──────── WORKING DATA ────────

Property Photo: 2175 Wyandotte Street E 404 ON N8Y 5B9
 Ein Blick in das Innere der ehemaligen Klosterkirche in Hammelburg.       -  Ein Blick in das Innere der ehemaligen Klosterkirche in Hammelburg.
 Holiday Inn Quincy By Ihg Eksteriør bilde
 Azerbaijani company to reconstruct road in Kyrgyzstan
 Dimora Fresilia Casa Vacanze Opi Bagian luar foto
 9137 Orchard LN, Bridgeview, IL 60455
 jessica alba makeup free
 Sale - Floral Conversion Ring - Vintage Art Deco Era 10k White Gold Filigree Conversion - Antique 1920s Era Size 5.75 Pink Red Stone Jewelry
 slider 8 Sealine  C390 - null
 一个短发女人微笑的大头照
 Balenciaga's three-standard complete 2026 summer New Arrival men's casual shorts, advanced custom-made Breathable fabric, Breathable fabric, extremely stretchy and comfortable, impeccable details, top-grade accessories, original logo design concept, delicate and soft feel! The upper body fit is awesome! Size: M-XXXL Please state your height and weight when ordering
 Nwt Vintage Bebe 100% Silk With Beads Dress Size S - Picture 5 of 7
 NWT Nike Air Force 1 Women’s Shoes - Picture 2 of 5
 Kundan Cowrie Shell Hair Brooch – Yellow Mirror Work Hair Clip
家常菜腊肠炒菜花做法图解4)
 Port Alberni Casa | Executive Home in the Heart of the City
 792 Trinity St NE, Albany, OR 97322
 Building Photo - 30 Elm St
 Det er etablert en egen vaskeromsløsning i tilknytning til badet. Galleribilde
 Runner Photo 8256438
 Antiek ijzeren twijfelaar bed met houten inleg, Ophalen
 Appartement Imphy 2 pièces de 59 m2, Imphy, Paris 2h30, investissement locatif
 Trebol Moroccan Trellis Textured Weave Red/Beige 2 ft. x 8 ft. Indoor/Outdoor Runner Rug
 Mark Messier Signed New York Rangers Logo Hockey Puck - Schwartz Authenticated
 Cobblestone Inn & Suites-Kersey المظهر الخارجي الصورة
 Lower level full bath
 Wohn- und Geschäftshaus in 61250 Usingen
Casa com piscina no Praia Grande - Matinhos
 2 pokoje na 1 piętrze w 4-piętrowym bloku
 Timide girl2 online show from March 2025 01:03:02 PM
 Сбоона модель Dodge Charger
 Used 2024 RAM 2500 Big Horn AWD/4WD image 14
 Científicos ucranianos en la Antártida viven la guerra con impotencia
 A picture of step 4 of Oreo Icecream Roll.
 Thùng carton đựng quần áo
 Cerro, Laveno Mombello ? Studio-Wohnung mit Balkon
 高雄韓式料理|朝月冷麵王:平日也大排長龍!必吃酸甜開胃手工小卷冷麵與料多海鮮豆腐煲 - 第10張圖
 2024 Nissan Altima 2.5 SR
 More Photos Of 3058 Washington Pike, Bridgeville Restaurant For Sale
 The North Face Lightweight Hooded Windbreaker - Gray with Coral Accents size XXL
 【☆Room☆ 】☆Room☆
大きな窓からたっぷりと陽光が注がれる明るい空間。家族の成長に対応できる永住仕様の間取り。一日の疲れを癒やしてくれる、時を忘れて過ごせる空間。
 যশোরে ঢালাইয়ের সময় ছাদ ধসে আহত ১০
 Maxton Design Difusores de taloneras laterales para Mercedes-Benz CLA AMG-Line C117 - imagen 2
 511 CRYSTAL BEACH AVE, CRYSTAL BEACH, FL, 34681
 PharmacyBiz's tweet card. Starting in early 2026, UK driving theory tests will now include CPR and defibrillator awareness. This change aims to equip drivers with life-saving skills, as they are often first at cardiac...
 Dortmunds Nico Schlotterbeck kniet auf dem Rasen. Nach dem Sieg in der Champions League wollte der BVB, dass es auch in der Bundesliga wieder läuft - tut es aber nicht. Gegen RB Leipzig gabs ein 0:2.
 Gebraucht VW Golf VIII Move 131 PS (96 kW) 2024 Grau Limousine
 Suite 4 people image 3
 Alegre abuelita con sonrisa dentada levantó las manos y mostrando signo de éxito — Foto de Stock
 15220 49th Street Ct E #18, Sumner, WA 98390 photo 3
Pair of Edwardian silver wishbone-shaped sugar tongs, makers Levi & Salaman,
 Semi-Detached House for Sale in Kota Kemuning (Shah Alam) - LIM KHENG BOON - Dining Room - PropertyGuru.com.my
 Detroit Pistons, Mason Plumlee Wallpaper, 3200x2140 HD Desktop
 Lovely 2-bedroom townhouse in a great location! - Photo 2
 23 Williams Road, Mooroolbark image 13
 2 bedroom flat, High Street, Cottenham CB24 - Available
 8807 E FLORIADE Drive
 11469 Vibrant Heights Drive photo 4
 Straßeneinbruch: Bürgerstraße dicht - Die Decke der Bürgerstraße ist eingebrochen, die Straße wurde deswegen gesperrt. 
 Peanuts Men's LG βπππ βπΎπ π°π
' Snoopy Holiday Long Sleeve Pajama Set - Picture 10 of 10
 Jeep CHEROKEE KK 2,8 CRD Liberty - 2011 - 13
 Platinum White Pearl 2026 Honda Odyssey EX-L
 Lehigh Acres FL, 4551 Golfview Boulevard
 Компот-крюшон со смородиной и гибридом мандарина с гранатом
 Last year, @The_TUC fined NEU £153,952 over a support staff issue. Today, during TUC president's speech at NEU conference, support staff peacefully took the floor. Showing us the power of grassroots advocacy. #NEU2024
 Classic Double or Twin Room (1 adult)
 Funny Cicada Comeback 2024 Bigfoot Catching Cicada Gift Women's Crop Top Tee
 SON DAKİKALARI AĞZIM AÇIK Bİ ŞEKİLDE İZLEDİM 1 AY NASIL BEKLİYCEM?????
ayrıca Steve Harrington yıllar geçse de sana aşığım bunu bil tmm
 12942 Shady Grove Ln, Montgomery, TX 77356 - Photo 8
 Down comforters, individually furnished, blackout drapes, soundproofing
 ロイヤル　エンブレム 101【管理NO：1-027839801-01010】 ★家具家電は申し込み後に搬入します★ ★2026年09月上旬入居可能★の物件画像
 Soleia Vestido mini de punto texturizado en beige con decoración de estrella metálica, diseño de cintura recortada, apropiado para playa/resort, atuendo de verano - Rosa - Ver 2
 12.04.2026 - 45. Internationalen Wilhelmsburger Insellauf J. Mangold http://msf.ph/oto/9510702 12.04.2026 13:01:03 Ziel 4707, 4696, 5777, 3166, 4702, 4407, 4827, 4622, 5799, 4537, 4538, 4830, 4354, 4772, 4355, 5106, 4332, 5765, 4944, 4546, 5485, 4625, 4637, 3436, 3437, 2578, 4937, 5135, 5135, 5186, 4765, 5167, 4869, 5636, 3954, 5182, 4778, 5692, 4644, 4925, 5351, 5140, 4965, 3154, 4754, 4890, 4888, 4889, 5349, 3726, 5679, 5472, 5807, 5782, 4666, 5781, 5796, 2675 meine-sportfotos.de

────────

-- TASK ITEM --
Reproduce the data. Match each line exactly.

-- RESULT FOR THIS TASK --
Property Photo: 2175 Wyandotte Street E 404 ON N8Y 5B9
 Ein Blick in das Innere der ehemaligen Klosterkirche in Hammelburg.       -  Ein Blick in das Innere der ehemaligen Klosterkirche in Hammelburg.
 Holiday Inn Quincy By Ihg Eksteriør bilde
 Azerbaijani company to reconstruct road in Kyrgyzstan
 Dimora Fresilia Casa Vacanze Opi Bagian luar foto
 9137 Orchard LN, Bridgeview, IL 60455
 jessica alba makeup free
 Sale - Floral Conversion Ring - Vintage Art Deco Era 10k White Gold Filigree Conversion - Antique 1920s Era Size 5.75 Pink Red Stone Jewelry
 slider 8 Sealine  C390 - null
 一个短发女人微笑的大头照
 Balenciaga's three-standard complete 2026 summer New Arrival men's casual shorts, advanced custom-made Breathable fabric, Breathable fabric, extremely stretchy and comfortable, impeccable details, top-grade accessories, original logo design concept, delicate and soft feel! The upper body fit is awesome! Size: M-XXXL Please state your height and weight when ordering
 Nwt Vintage Bebe 100% Silk With Beads Dress Size S - Picture 5 of 7
 NWT Nike Air Force 1 Women’s Shoes - Picture 2 of 5
 Kundan Cowrie Shell Hair Brooch – Yellow Mirror Work Hair Clip
家常菜腊肠炒菜花做法图解4)
 Port Alberni Casa | Executive Home in the Heart of the City
 792 Trinity St NE, Albany, OR 97322
 Building Photo - 30 Elm St
 Det er etablert en egen vaskeromsløsning i tilknytning til badet. Galleribilde
 Runner Photo 8256438
 Antiek ijzeren twijfelaar bed met houten inleg, Ophalen
 Appartement Imphy 2 pièces de 59 m2, Imphy, Paris 2h30, investissement locatif
 Trebol Moroccan Trellis Textured Weave Red/Beige 2 ft. x 8 ft. Indoor/Outdoor Runner Rug
 Mark Messier Signed New York Rangers Logo Hockey Puck - Schwartz Authenticated
 Cobblestone Inn & Suites-Kersey المظهر الخارجي الصورة
 Lower level full bath
 Wohn- und Geschäftshaus in 61250 Usingen
Casa com piscina no Praia Grande - Matinhos
 2 pokoje na 1 piętrze w 4-piętrowym bloku
 Timide girl2 online show from March 2025 01:03:02 PM
 Сбоона модель Dodge Charger
 Used 2024 RAM 2500 Big Horn AWD/4WD image 14
 Científicos ucranianos en la Antártida viven la guerra con impotencia
 A picture of step 4 of Oreo Icecream Roll.
 Thùng carton đựng quần áo
 Cerro, Laveno Mombello ? Studio-Wohnung mit Balkon
 高雄韓式料理|朝月冷麵王:平日也大排長龍!必吃酸甜開胃手工小卷冷麵與料多海鮮豆腐煲 - 第10張圖
 2024 Nissan Altima 2.5 SR
 More Photos Of 3058 Washington Pike, Bridgeville Restaurant For Sale
 The North Face Lightweight Hooded Windbreaker - Gray with Coral Accents size XXL
 【☆Room☆ 】☆Room☆
大きな窓からたっぷりと陽光が注がれる明るい空間。家族の成長に対応できる永住仕様の間取り。一日の疲れを癒やしてくれる、時を忘れて過ごせる空間。
 যশোরে ঢালাইয়ের সময় ছাদ ধসে আহত ১০
 Maxton Design Difusores de taloneras laterales para Mercedes-Benz CLA AMG-Line C117 - imagen 2
 511 CRYSTAL BEACH AVE, CRYSTAL BEACH, FL, 34681
 PharmacyBiz's tweet card. Starting in early 2026, UK driving theory tests will now include CPR and defibrillator awareness. This change aims to equip drivers with life-saving skills, as they are often first at cardiac...
 Dortmunds Nico Schlotterbeck kniet auf dem Rasen. Nach dem Sieg in der Champions League wollte der BVB, dass es auch in der Bundesliga wieder läuft - tut es aber nicht. Gegen RB Leipzig gabs ein 0:2.
 Gebraucht VW Golf VIII Move 131 PS (96 kW) 2024 Grau Limousine
 Suite 4 people image 3
 Alegre abuelita con sonrisa dentada levantó las manos y mostrando signo de éxito — Foto de Stock
 15220 49th Street Ct E #18, Sumner, WA 98390 photo 3
Pair of Edwardian silver wishbone-shaped sugar tongs, makers Levi & Salaman,
 Semi-Detached House for Sale in Kota Kemuning (Shah Alam) - LIM KHENG BOON - Dining Room - PropertyGuru.com.my
 Detroit Pistons, Mason Plumlee Wallpaper, 3200x2140 HD Desktop
 Lovely 2-bedroom townhouse in a great location! - Photo 2
 23 Williams Road, Mooroolbark image 13
 2 bedroom flat, High Street, Cottenham CB24 - Available
 8807 E FLORIADE Drive
 11469 Vibrant Heights Drive photo 4
 Straßeneinbruch: Bürgerstraße dicht - Die Decke der Bürgerstraße ist eingebrochen, die Straße wurde deswegen gesperrt. 
 Peanuts Men's LG βπππ βπΎπ π°π
' Snoopy Holiday Long Sleeve Pajama Set - Picture 10 of 10
 Jeep CHEROKEE KK 2,8 CRD Liberty - 2011 - 13
 Platinum White Pearl 2026 Honda Odyssey EX-L
 Lehigh Acres FL, 4551 Golfview Boulevard
 Компот-крюшон со смородиной и гибридом мандарина с гранатом
 Last year, @The_TUC fined NEU £153,952 over a support staff issue. Today, during TUC president's speech at NEU conference, support staff peacefully took the floor. Showing us the power of grassroots advocacy. #NEU2024
 Classic Double or Twin Room (1 adult)
 Funny Cicada Comeback 2024 Bigfoot Catching Cicada Gift Women's Crop Top Tee
 SON DAKİKALARI AĞZIM AÇIK Bİ ŞEKİLDE İZLEDİM 1 AY NASIL BEKLİYCEM?????
ayrıca Steve Harrington yıllar geçse de sana aşığım bunu bil tmm
 12942 Shady Grove Ln, Montgomery, TX 77356 - Photo 8
 Down comforters, individually furnished, blackout drapes, soundproofing
 ロイヤル　エンブレム 101【管理NO：1-027839801-01010】 ★家具家電は申し込み後に搬入します★ ★2026年09月上旬入居可能★の物件画像
 Soleia Vestido mini de punto texturizado en beige con decoración de estrella metálica, diseño de cintura recortada, apropiado para playa/resort, atuendo de verano - Rosa - Ver 2
 12.04.2026 - 45. Internationalen Wilhelmsburger Insellauf J. Mangold http://msf.ph/oto/9510702 12.04.2026 13:01:03 Ziel 4707, 4696, 5777, 3166, 4702, 4407, 4827, 4622, 5799, 4537, 4538, 4830, 4354, 4772, 4355, 5106, 4332, 5765, 4944, 4546, 5485, 4625, 4637, 3436, 3437, 2578, 4937, 5135, 5135, 5186, 4765, 5167, 4869, 5636, 3954, 5182, 4778, 5692, 4644, 4925, 5351, 5140, 4965, 3154, 4754, 4890, 4888, 4889, 5349, 3726, 5679, 5472, 5807, 5782, 4666, 5781, 5796, 2675 meine-sportfotos.de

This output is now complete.